Children of the Ghetto eBook

This eBook from the Gutenberg Project consists of approximately 750 pages of information about Children of the Ghetto.

Children of the Ghetto eBook

This eBook from the Gutenberg Project consists of approximately 750 pages of information about Children of the Ghetto.

“But it is not eighteenpence!” ejaculated Esther with a new inspiration.  Necessity was sharpening her wits to extraordinary acuteness.  “We need not take return tickets.  We can walk back.”

“But we cannot be so long away from the mother—­both of us,” said Moses.  “She, too, is ill.  And how will the children do without thee?  I will go by myself.”

“No, I must see Benjy!” Esther cried.

“Be not so stiff-necked, Esther!  Besides, it stands in the letter that I am to come—­they do not ask thee.  Who knows that the great people will not be angry if I bring thee with me?  I dare say Benjamin will soon be better.  He cannot have been ill long.”

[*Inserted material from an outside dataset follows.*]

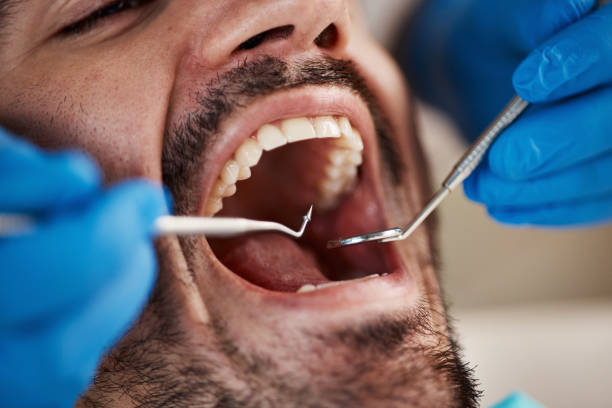 Best Mobile Emergency Dentist in Rockwell, NC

“But, quick, then, father, quick!” cried Esther, yielding to the complex difficulties of the position.  “Go at once.”

“Immediately, Esther.  Wait only till I have finished my prayers.  I am nearly done.”

“No!  No!” cried Esther agonized.  “Thou prayest so much—­God will let thee off a little bit just for once.  Thou must go at once and ride both ways, else how shall we know what has happened?  I will pawn my new prize and that will give thee money enough.”

“Good!” said Moses.  “While thou art pledging the book I shall have time to finish davening.”  He hitched up his Talith and commenced to gabble off, “Happy are they who dwell in Thy house; ever shall they praise Thee, Selah,” and was already saying, “And a Redeemer shall come unto Zion,” by the time Esther rushed out through the door with the pledge.  It was a gaudily bound volume called “Treasures of Science,” and Esther knew it almost by heart, having read it twice from gilt cover to gilt cover.  All the same, she would miss it sorely.  The pawnbroker lived only round the corner, for like the publican he springs up wherever the conditions are favorable.  He was a Christian; by a curious anomaly the Ghetto does not supply its own pawnbrokers, but sends them out to the provinces or the West End.  Perhaps the business instinct dreads the solicitation of the racial.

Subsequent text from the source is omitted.